Royal served four terms as a deputy in the National Assembly. For more than two years after she was elected in 1988, doormen stopped her at the entry to ask whose secretary she was. The list of sexist insults runs to five pages, including a deputy who shouted "Strip naked!" the first time Royal rose to speak. Laughter rippled through the amphitheatre. No one, not even the speaker of the Assembly, spoke out. On another occasion, Royal was referred to by a colleague as "the mad cow".

“Such behaviour would be punished today, it must be admitted,” Royal writes. “They wouldn’t dare anymore, even if some still think that way.” Yet only 2½ years ago, at a Franco-Italian summit in Venice, Royal heard two fellow cabinet ministers deride an Italian woman counterpart with the words, “She’d be good for other things than politics.” Royal rounded on them saying, “Look at yourselves, you poor fools!”

Royal equates ill-treatment of women with disregard for the environment. “The vocabulary is the same,” she writes. “Women and nature are damaged, aggressed, sullied, raped, victims of predators, exploitation and abuse.”

Royal says she has "forgiven but not forgotten" the Socialists who made her life a misery. When the former prime minister Lionel Jospin telephoned her to offer her the job of junior minister responsible for families, he said, "I thought that with your four children you'd be able to do it."

Deadline

The late former prime minister Michel Rocard called on Royal just before the deadline for declaring her candidacy in the 2007 election. "You won't make it. You have a few hours left to withdraw," Rocard told her, demanding that she step down in his favour.

Jospin published Dead End shortly after Royal's defeat. The title refers to her campaign. He condemned Royal's theory of "participative democracy" as the "infantilisation of political life" and criticised her for basking in applause as if in "a ceremony of adoration".

Royal says she thought Macron was different, but he too disappointed her. “The deficit of dialogue, authoritarianism, solitary decision-taking and weakened parliamentary democracy have led to the same errors [as under previous administrations],” she writes.

Royal condemns the “boorishness” of Macron’s team, recounting how, on the eve of his December 2017 “One Planet Summit”, the Élysée rang to disinvite her to the official lunch the following day. “Not even Sarkozy would have stooped to such pettiness,” she writes.

‘Betrayal’

Some of the sharpest stabs are at Hollande, with whom Royal lived for nearly 30 years, and with whom she shares four children. Numerous journalists learned of his "betrayal" and "bigamy" with the Paris Match journalist Valérie Trierweiler before she did.

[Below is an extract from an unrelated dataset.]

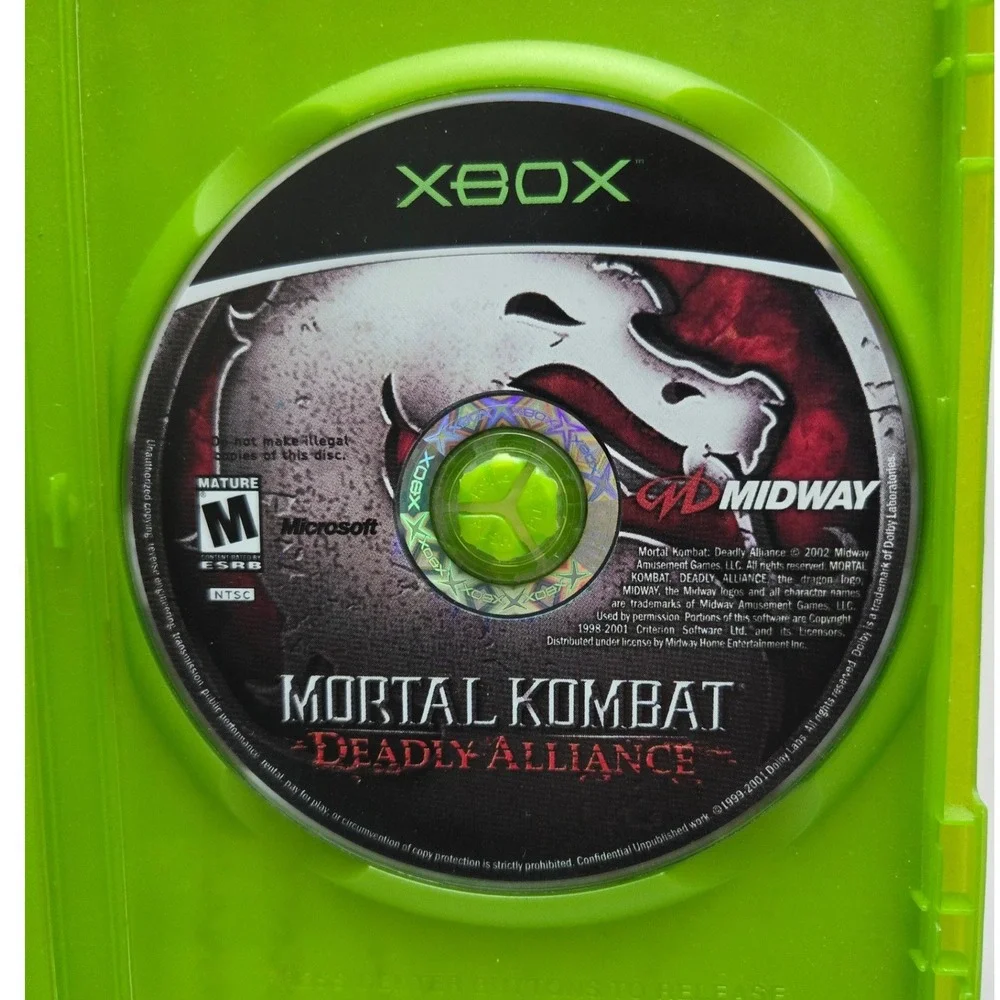 Mortal Kombat Deadly‎ Alliance & Vs DC Universe Bundle - Xbox 360 - CIB 2 Games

Royal suffered "the violence of adultery" and wishes she had ended the relationship at the beginning rather than at the end of her presidential campaign. "Running a campaign in that situation, hoping every day it would end, was a terrible trial," she writes.

After twice competing for the Socialist presidential nomination, Royal and Hollande are again rivals. His book, The Lessons of Power, has sold 100,000 copies since publication eight months ago. Royal's sold 16,000 copies in 10 days, according to her publisher.

“I’m going to return,” Hollande said a week ago. Two opinion polls indicate that Royal is now the most popular figure on the French left. The moribund Socialist party hopes she will lead their list in next May’s European parliamentary elections, but Royal is playing hard to get. She may prefer to stand as an independent environmentalist.